Typically bearing frames are used when the need for high pressures exceeds direct drive capabilities, when the desire for easier servicing is required, or when a belt configuration for space restraints is preferred. Piggyback/overhead or L-shaped bases can shorten the installation footprint. Vertical mounting of the pump can also accommodate limited space.

• Viscosity: The thickness of fluid limits the pump speed, suction, discharge piping ID, and pipe length from the pump by significantly influencing the design and the pressure losses of the system. This affects the suction side or the NPSHa (Net Positive Suction Head available) for the pump. Pumps have a specific amount of head pressure required to operate correctly. Otherwise, the result is cavitation and potential failures.
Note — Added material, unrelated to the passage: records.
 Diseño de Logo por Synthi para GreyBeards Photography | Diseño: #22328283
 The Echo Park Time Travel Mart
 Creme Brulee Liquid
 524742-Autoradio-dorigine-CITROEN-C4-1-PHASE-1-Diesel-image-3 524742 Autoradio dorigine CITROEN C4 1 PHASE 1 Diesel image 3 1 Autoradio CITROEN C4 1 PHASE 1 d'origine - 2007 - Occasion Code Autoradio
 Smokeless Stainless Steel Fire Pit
• Pump rotor and stator geometry: For the most part, two geometries dominate the various applications. For simplicity’s sake, we will call them low flow/high pressure and low pressure/high flow. Both have their own inherent ratings for NPSHr (Net Positive Suction Head required) based on the pump’s internal design. There are other geometries that can provide higher flow at higher pressures and another for higher flow at lower pressures. Typically, you trade off flow for pressure and vice versa.
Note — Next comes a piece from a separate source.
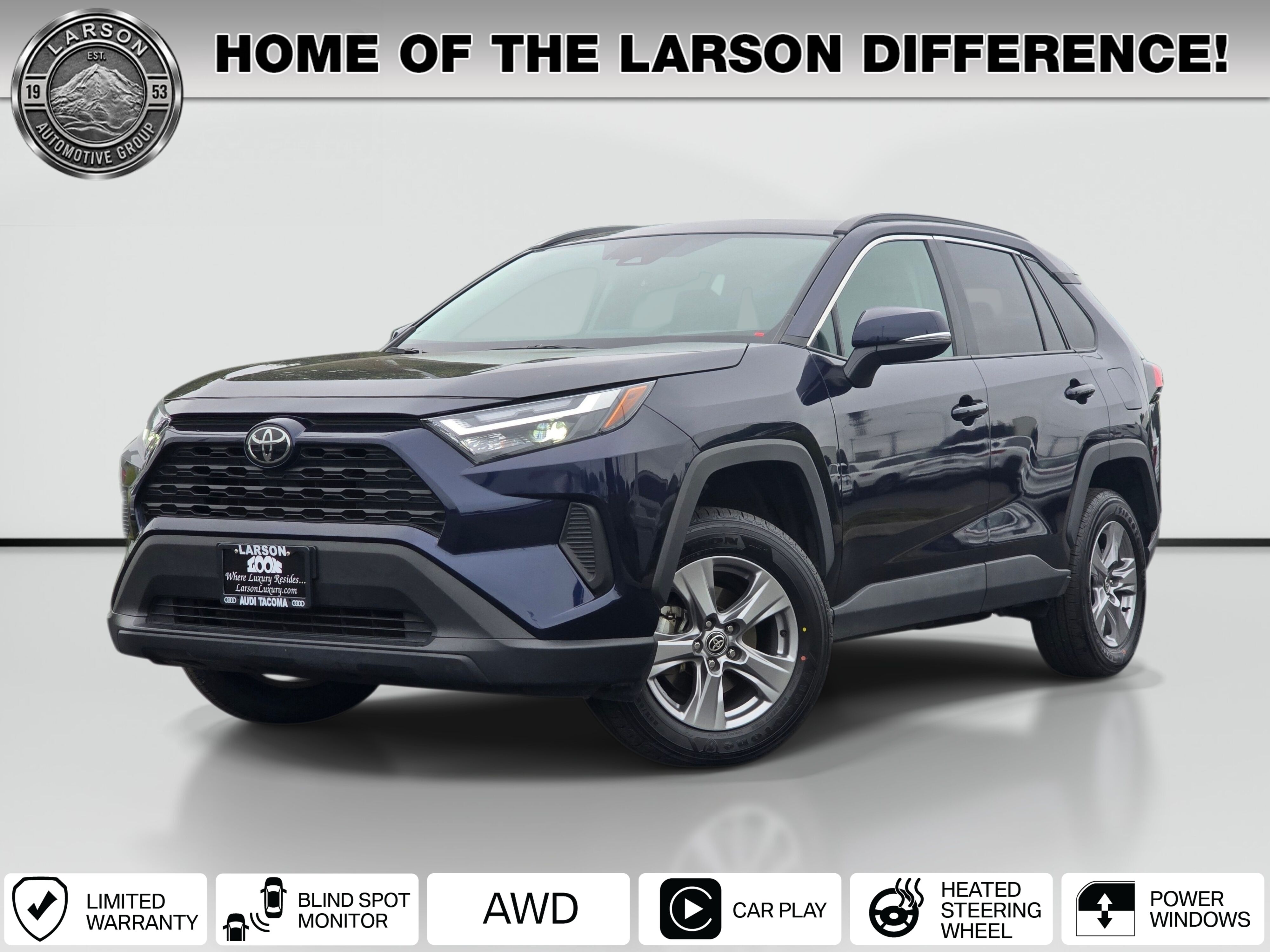Blueprint 2024 Toyota RAV4 SUV / Crossover All-Wheel Drive 8-Speed Automatic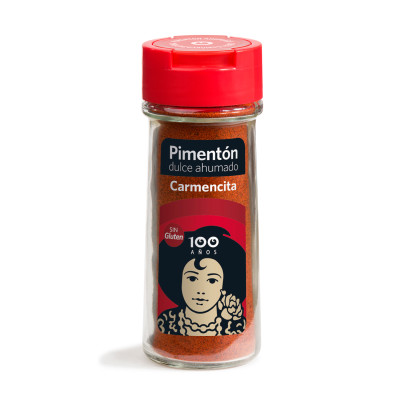 Pimentón dulce ahumado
• Number of stages: The maximum discharge pressure and ultimately the pump rating per stage is determined by the number of stages. Typically, each stage is rated for 90 psi (6 bar). Therefore, 2 stages would be rated for 180 psi (12 bar) and so on. Adding more stages for a given rated pressure divides the pressure affecting each stage. More stages equals lower pressure per stage and allows for longer life. With most applications in WWTPs, there is abrasion. Abrasion comes from grit and other inorganics (as well as some organics), that cause wear over time on the pumping elements. This wear is to be expected; it is normal to de-rate the pressure per stage due to the amount of anticipated wear. For example, pumping polymer is very lubricating, has no abrasion factor, and can be rated for the maximum capability of the pump. As another example, 1-2% sludge may only be derated by 20% per stage (90 psi x 80% = ~70 psi) making the rated discharge pressure 70 psi or less. Finally, if you were to pump cake (20% or higher), each stage would need to be derated to 50% or more.
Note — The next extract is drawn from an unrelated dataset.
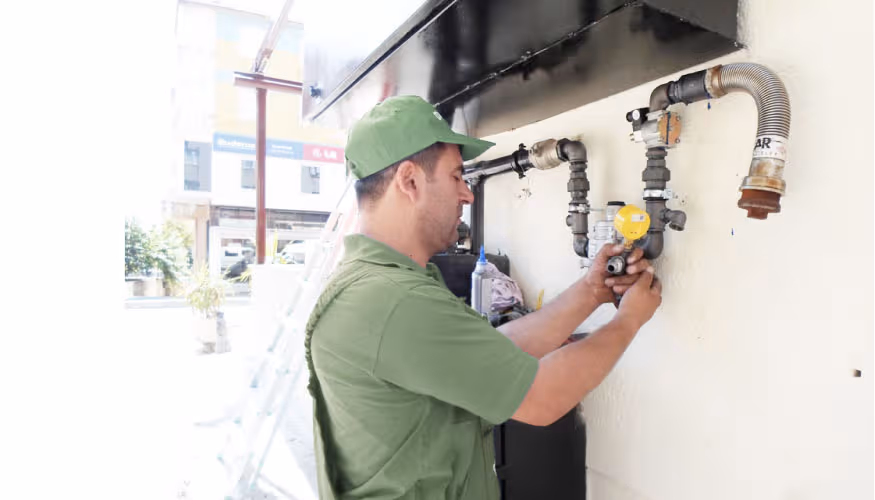 Gülbahçe Doğalgazcı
• Stator design: The design of the stator can help facilitate faster and easier replacement. Each stator inherently uses compressive forces in the design that compresses around the outside of the rotor; which in turn creates the sealing line of the pumping elements. These compressive forces are what make the pump work. However, they also make it harder and more time consuming to replace the stator with a new one. A new stator requires a great amount of force to install. NETZSCH offers a time-saving stator replacement option. The iFD-Stator® design allows for the compressive forces to be released/removed during installation (and removal). Unbolting the compressive shell releases the axial and radial compression of the stator on the rotor. This allows for the new stator tube to slide on with relative ease and then be clamped down without the need for extra turning forces. See Figure 2.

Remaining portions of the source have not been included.